Foreclosure is the procedure through which the lender in a mortgage takes ownership and/or possession of the property that secured the original loan. This happens when a debtor in Portland, Indiana has consistently failed to make their payments. Foreclosure normally involves a forced sale of the house at auction. Banks normally want to rid themselves of ownership of the home as soon as possible, collect as much money as they can, and then move on.

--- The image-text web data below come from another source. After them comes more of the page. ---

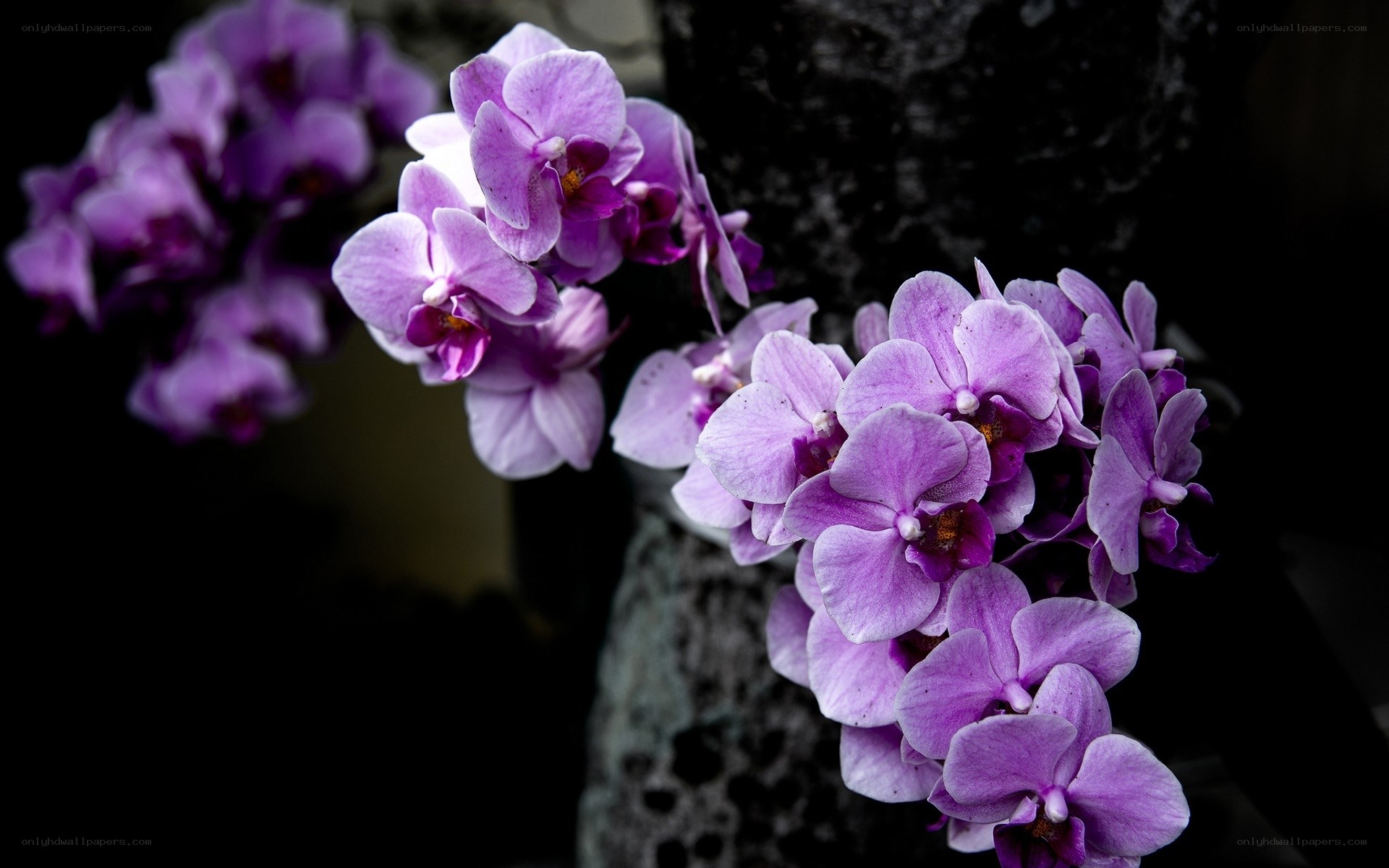 Purple orchids in bloom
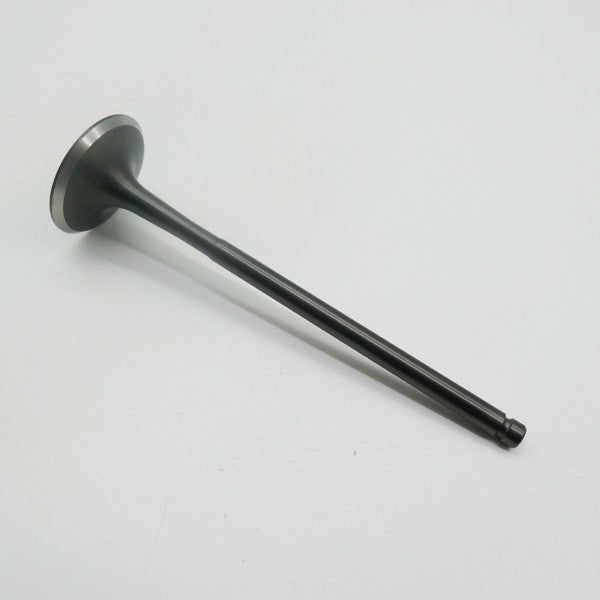 Gas Gas Cami AJP PR5 ,Intake Valve Pair, 15701ME300000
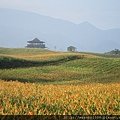 滿山的金黃(1)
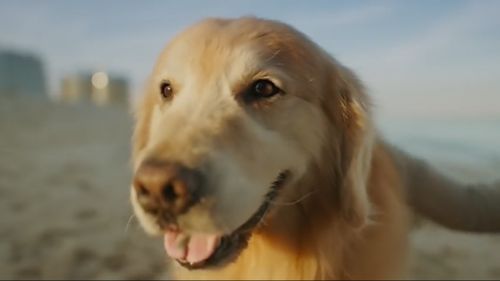 A US man is thanking the vets who saved his dogs' life with a whopping $8.9 m Super Bowl ad. 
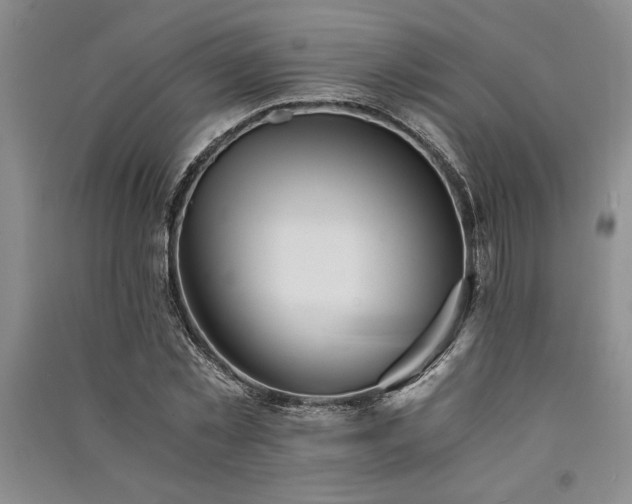 X0000091520781200708171215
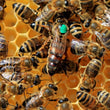Load image into Gallery viewer, Mated Queens for Sale in Billerica, MA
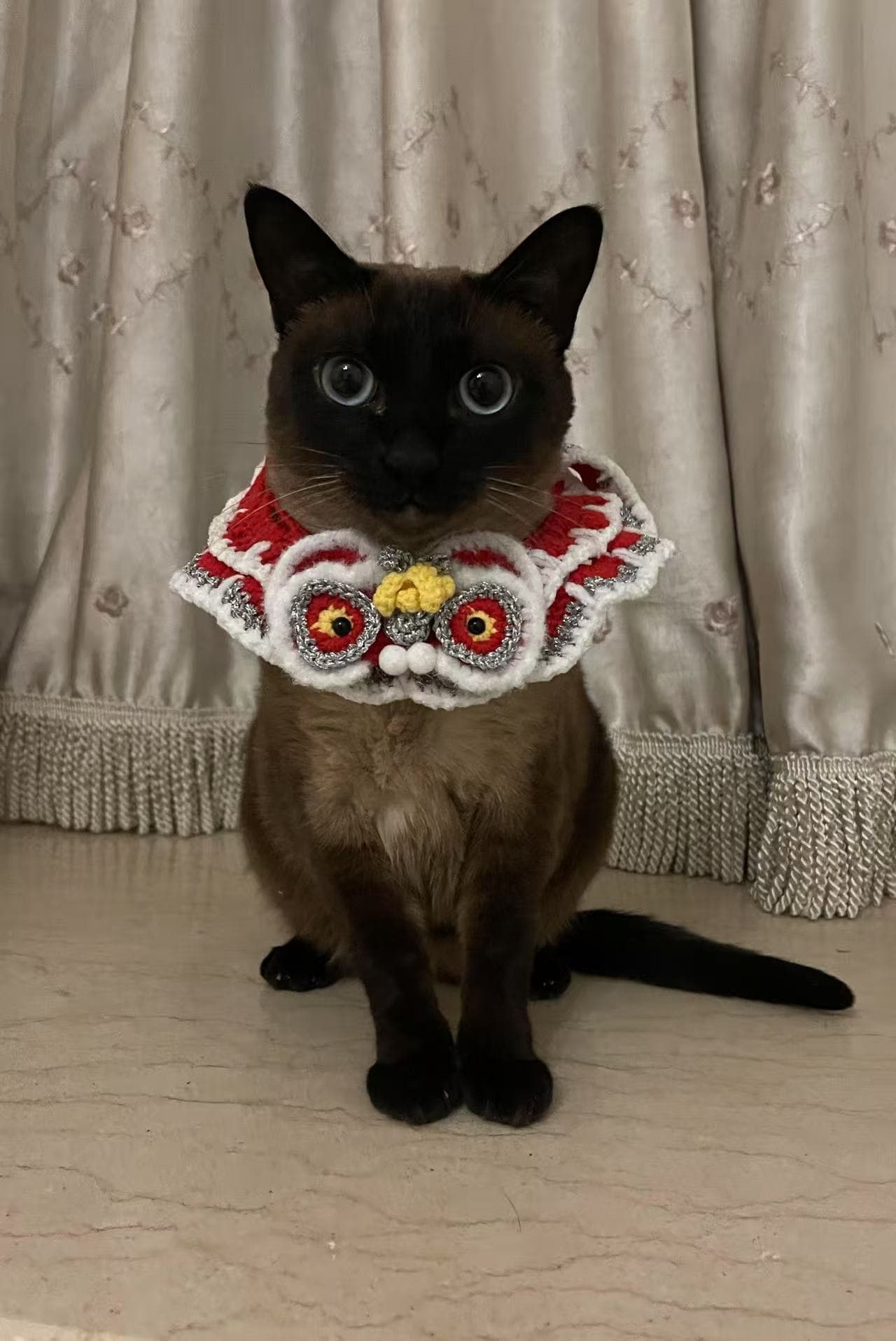 Pet portrait illustration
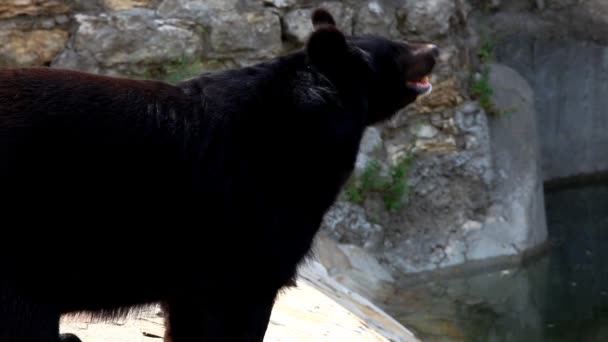 Himalayan bear wait for food in zoo — Stock Video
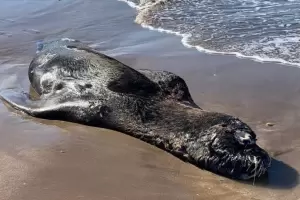 Lobos marinos, zorros y gatos: avanza la gripe aviar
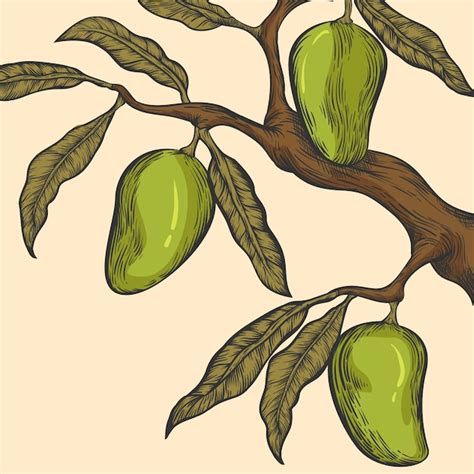 Rama de árbol de mango botánico dibujado a mano Vector Gratis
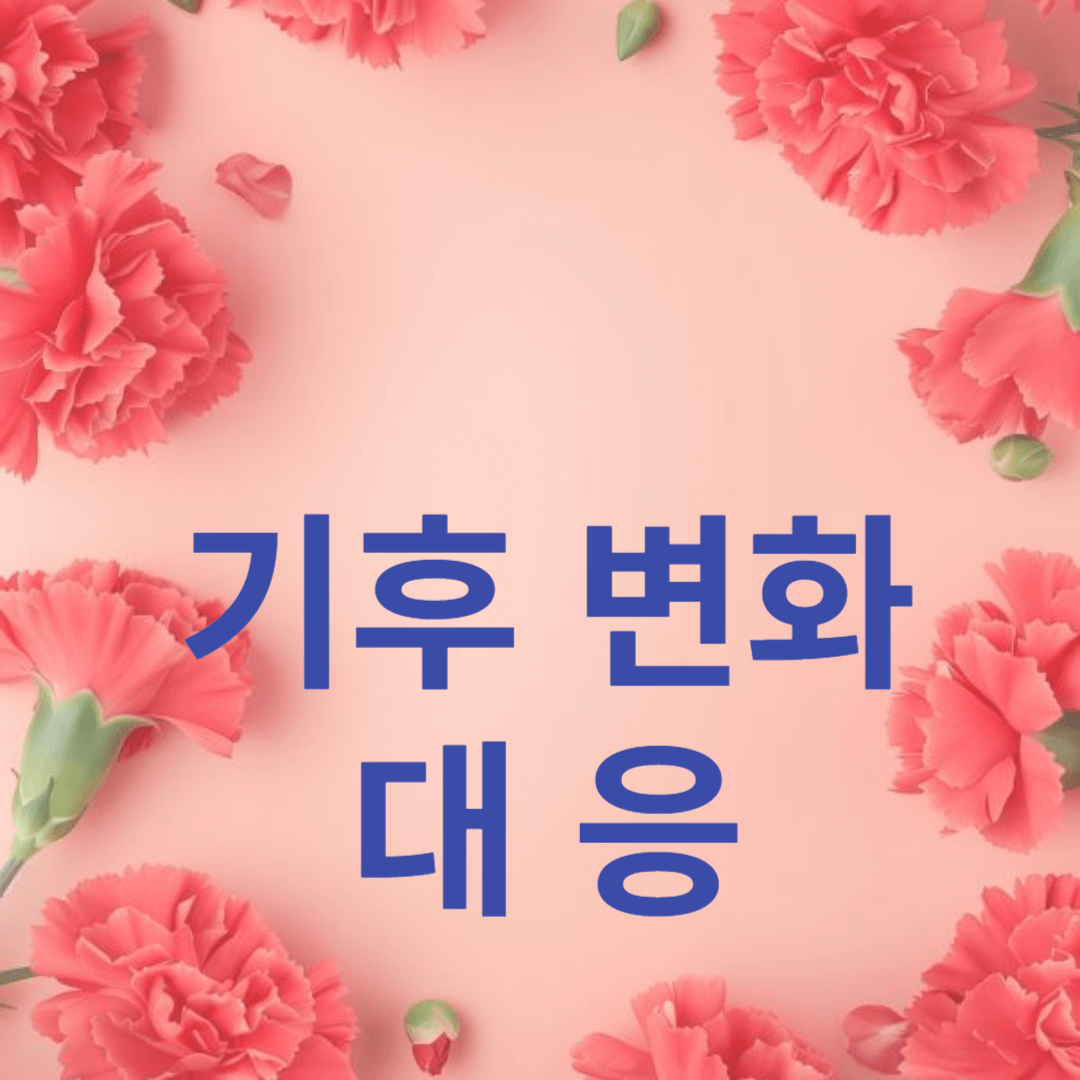 기후 변화 대응: 개인이 할 수 있는 작은 실천들
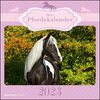 Mein Pferdekalender 2023 - Broschürenkalender 30x30 cm (30x60 geöffnet) - Kalender mit Platz für Notizen - Bildkalender - Wandplaner - Wandkalender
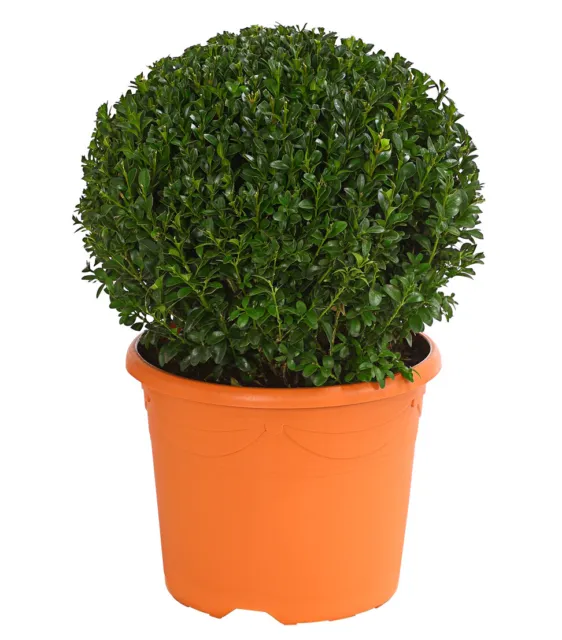 Buchs Gewöhnlicher Buchsbaum Kugelform Gartenpflanze immergrün ab 18 cm, Dehner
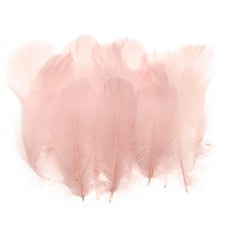 Colorful Feathers 3-5inch, 300pcs Goose Feathers Bulk, Champagne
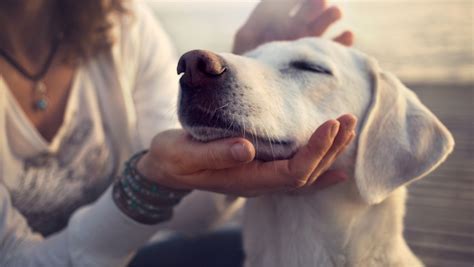 Dog Behavior & Reward-Based Dog Training | International Open Academy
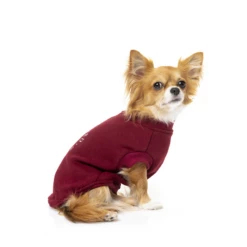 FUZZYARD - THE FY - FELPA MARRONE 9 FUZZYARD - THE FY - FELPA MARRONE -Negozio Biopetstore economico FUZZYARD THE FY FELPA MARRONE 2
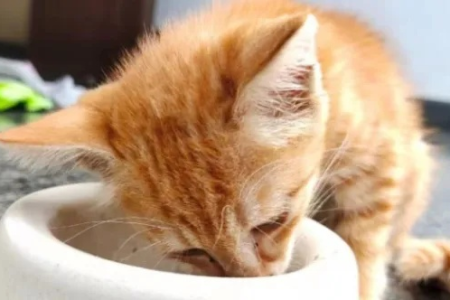 橘猫掉毛有多严重？深度解析橘猫掉毛原因及解决办法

In every state, including Indiana, borrowers have the option to go through foreclosure by judicial sale. This means that the auction will be supervised by a court, to make sure that the bank makes an effort to get as high a price as possible (to increase the chances that the whole balance will be covered, as well as the odds that there will be some money leftover for the debtor). In numerous states, original mortgages (as opposed to refinanced loans) are "non-recourse" loans, meaning that the most the lender can collect is whatever the foreclosed property sells for. The bank cannot go after the debtor for the balance, if the sale nets less than the amount due. You should consult an attorney in Portland, Indiana to learn the details of the law here. You should also know that this rarely applies to loans that have been refinanced.

How Can I Avoid Foreclosure in Indiana?

First and foremost, you should not dismiss the possibility of foreclosure. Failing to respond to collection calls from your lender will not make the problem go away. As unpleasant as this may seem, you should stay in contact with your creditor, and be straightforward with them. It is essential to remember that the bank does not really want your Portland house - they expected to make a profit through the interest on your loan, and that's what they'd prefer to do. Accordingly, they will probably make reasonable accommodations to your financial situation if it means that you will be able to make some form of payment to them.

If you can't work anything out with your lender, or have become totally unable to make any mortgage payments, a "short sale" might be a good option. This allows you to sell your house for whatever price it can get, and hand the proceeds over to the lender. If the sale price is less than the balance of the loan, the rest of the debt may be forgiven. You may also consider a "short refinance" which allows a part of the debt to be forgiven, and lets you refinance the rest.

How Can A Portland, Indiana Attorney Help?

If you think foreclosure is imminent, a good Portland, Indiana lawyer may be your best hope for staving it off. Even if keeping the house proves impossible, a good attorney can minimize the financial effects.